The directory specified in the phormbase.php file or in the
$PHORM_BASE variable can optionally have three subdirectories:
templates, attachments and
uploads. If templates exists,
Phorm will look for template files there; if attachments
exists, Phorm will look for attachment files there; if uploads
exists, uploaded files will be stored there.
Examples
If this is a bit confusing, take a look at how the example forms are set up.
For the "widgets" form, the config file is examples/widget.
Its template and rules files are in
examples/widget/templates, and files for attaching to the autoresponder are in
examples/widget/attachments. The PHORM_NAME
field in the HTML form causes Phorm to look up WidgetInquiry in
the file phormbase.php, which instructs it to change to the
examples/widgets directory.
The "warbles" form is set up essentially the same way, with the addition of an uploads
directory at examples/warbles/uploads.
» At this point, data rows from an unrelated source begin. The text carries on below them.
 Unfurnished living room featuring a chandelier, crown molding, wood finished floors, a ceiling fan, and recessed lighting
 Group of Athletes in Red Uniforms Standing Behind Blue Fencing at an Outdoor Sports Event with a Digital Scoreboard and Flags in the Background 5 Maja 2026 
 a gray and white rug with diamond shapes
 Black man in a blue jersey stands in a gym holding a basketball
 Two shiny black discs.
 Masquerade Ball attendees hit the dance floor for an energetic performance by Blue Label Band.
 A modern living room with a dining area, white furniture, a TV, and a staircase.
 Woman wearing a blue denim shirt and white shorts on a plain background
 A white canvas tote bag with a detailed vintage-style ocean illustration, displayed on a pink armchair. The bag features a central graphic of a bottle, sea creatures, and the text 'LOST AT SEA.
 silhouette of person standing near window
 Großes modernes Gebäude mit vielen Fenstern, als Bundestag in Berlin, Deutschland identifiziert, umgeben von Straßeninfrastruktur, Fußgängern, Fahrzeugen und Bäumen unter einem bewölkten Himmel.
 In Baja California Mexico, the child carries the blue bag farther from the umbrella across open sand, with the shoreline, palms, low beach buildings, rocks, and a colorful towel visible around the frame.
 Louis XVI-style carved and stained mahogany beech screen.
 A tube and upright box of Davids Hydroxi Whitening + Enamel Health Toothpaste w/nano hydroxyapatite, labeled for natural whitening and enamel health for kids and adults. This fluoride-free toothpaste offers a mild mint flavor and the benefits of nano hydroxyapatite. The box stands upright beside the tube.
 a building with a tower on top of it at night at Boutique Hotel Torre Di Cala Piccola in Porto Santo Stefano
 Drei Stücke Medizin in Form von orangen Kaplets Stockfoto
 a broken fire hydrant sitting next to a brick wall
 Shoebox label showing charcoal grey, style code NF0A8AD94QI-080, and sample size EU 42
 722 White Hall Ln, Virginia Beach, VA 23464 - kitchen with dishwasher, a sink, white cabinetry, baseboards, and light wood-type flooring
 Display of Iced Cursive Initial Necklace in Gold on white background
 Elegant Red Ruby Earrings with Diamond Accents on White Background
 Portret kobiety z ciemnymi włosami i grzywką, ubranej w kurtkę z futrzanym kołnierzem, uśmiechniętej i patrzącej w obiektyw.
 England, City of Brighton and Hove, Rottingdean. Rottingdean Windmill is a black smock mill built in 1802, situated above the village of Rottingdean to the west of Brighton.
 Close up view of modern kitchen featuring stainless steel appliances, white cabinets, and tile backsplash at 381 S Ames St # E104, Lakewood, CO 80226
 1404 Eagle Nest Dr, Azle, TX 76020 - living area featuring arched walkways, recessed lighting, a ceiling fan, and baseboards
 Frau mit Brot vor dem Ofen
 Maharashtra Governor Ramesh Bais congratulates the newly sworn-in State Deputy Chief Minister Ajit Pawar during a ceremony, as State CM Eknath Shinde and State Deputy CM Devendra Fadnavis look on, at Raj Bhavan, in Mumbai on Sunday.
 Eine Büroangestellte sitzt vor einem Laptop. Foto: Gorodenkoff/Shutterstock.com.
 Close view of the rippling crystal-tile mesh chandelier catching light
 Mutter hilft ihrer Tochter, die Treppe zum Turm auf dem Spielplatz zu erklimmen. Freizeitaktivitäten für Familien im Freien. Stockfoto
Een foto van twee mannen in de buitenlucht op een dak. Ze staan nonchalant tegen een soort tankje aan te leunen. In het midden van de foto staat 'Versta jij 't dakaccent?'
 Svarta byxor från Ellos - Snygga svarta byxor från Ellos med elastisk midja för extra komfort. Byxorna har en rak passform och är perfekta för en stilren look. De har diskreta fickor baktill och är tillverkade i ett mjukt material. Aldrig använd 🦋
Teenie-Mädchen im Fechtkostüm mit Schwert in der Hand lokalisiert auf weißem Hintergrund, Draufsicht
The
PHORM_NAME field in the HTML form causes Phorm to look up WarbleSpec in the file phormbase.php,
which instructs it to change to the examples/warble
directory.
$PHORM_ROOT
If you don't specify absolute directories, Phorm looks for files and directories under the
directory it's installed in. You can alter this if you are able to set environment
variables for your server. Phorm looks for a file path in the environment variable
PHORM_ROOT when it starts. If it is set, relative file paths will start there
instead.
The rationale behind this whole operation is, again, to make it more difficult for someone
else to abuse your installation of Phorm. If Phorm didn't strip path information from the
$PHORM_CONFIG variable, someone on the same server as you could
set up a configuration file of their own, set $PHORM_CONFIG to
point to it, and call your installation of Phorm and use it to send out messages. Since
phormbase.php is a local file, your Phorm installation is
secure so long as your account is secure.